All's not new for England, who last played a Test match earlier this year. They also played a couple of Tests - one each against Australia and South Africa - last year. For them, the unknown lies more in the conditions, and adapting to them. England last played a Test match in India in 2005; there is no recent experience to draw from apart from white-ball games.
"Pretty quick turnaround - we have talked about that; we have done it before," England captain Heather Knight, for whom playing a Test match in India is one of her "bucket-list things as a cricketer" said. "We have played an Ashes Test match in Canberra in 2022, where we had two days' preparation.
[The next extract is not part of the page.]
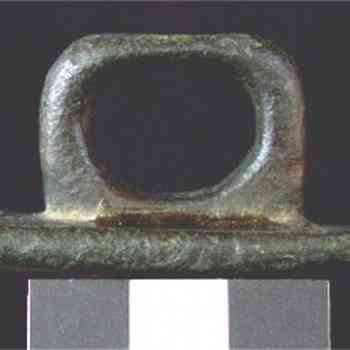 Click para ampliar. Pulsa en el nombre para ver la ficha. Sello romano de bronce: vista de perfil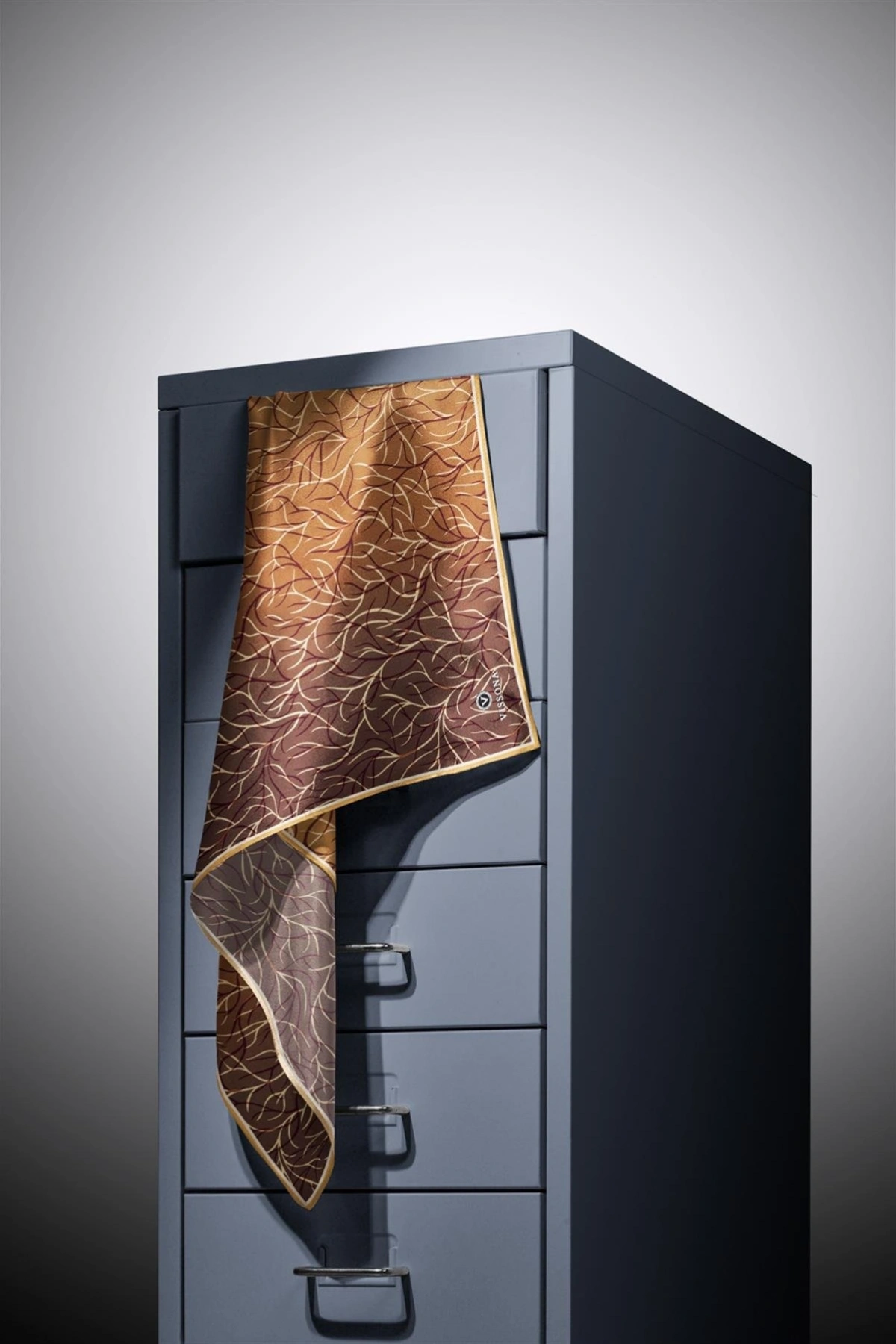 %100 Twill İpek Degrade Desenli Hardal Renkli 90x90 Eşarp Dikim Şekli : El Dikişi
"That can create a little bit of anxiety around not feeling ready. [It is] about getting the heads right around knowing exactly how to approach Test-match cricket, how you want to play and not thinking too much about conditions and pre-planning what might happen, because you don't know what surface you will get. We won't have the perfect prep but that is how it works in international cricket - it is about getting your head right and embracing the challenge."
Opener Tammy Beaumont is coming off a double-century in Nottingham, a knock that is now a good six months old. She pays heed to what her father reminds her every time she plays a game: "You start again on nought."
"It's funny actually," Beaumont, the first Englishwoman to score a Test double-ton, said on ESPNcricinfo's Ladies Who Switch podcast. "When Jon Lewis called me about selection news, [he said] 'I don't think there's a more in-form Test player at the moment.' I was like that was six months ago, how do you stay in form?
"You try and take learnings from each Test match you play. It is not something you can jump straight into. These days we play a lot of T20s and a lot of 50 overs, that becomes [automatic]. Whereas when you are learning to do things, you have to think about it again.
"The big part is not thinking a lot about the big picture all the time. At Trent Bridge when we fielded for a day-and-a-half, when the final wicket fell, we had 470 [473] to get. If you do that you are shooting yourself in the foot somewhat. Whereas the most important thing was to get through to the next drinks break. Just get through to the new ball, make sure we don't lose a wicket before, whatever, seeing the shine off it. Next thing, change of bowler, what are they trying to do, how can I score of them, next bit. Oh, time to sit down now, tea time! Just try to constantly staying in that moment and thinking about that and not getting far ahead of yourself."
When the two teams take the field in whites on Thursday, a lot of things will be different. But they will reassure themselves with the thought that they have done their best in the limited time they have had, and let their skills and instincts take over.